Mr Osborne has suggested that we are acting precipitantly in moving against the Chief Minister before the Auditor-General reports on another issue - the financial farce surrounding the Bruce Stadium redevelopment. I am concerned that Mr Osborne has declared his hand without hearing the argument. This is not a precipitant move. It is not something we do lightly. It is the only possible reaction to the scathing criticism of the coroner, and the Chief Minister's failure to act responsibly to the legitimate anger of the Canberra community.

Mr Speaker, the Government will maintain that no Minister can possibly be expected to know everything that occurs in the line areas of the departments and agencies for which he or she is responsible, but the coroner confirms that this whole project was conceived at the highest levels of government and driven from the Chief Minister's office by her closest advisers. She cannot use the defence that she simply did not know.

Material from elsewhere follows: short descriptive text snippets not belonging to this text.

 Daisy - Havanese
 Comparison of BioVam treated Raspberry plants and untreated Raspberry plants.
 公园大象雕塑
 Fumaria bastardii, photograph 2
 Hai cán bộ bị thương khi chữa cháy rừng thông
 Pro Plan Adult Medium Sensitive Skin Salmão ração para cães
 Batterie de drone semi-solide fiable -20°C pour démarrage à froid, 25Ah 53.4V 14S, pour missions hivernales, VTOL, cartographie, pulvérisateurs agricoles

The Government will run the line that the Labor Party has moved this want of confidence simply because it is besotted with the idea of seizing government without winning the confidence of the electorate. That is not the case. I have moved this motion because the Opposition no longer has any confidence that the Chief Minister is capable of meeting the responsibilities of the office she holds. This is a motion against the Chief Minister, not the Government. The coroner found that the Chief Minister was the Minister assuming responsibility for the project. The Chief Minister presided over the appalling and systemic failures of administrative practice and corruption of process that led to the Government totally abrogating its responsibility for the most fundamental of its obligations - to protect its citizens. The coroner referred to systemic failure because, as the coroner said, "it starts at the Government as client".

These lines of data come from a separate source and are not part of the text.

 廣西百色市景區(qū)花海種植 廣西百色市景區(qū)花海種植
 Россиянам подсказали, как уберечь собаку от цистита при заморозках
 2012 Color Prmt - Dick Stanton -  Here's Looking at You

The Canberra Times editorial of 8 November got it right, saying:

... she can be and must be held to account for the way in which she has organised her resources. The style of ACT administration is very much her baby. The senior officials are largely her appointments. The reporting lines, and the reward systems, are matters in which she has been involved. The question is not whether her dabbling was a factor in the disaster, but whether and why the system and the people failed.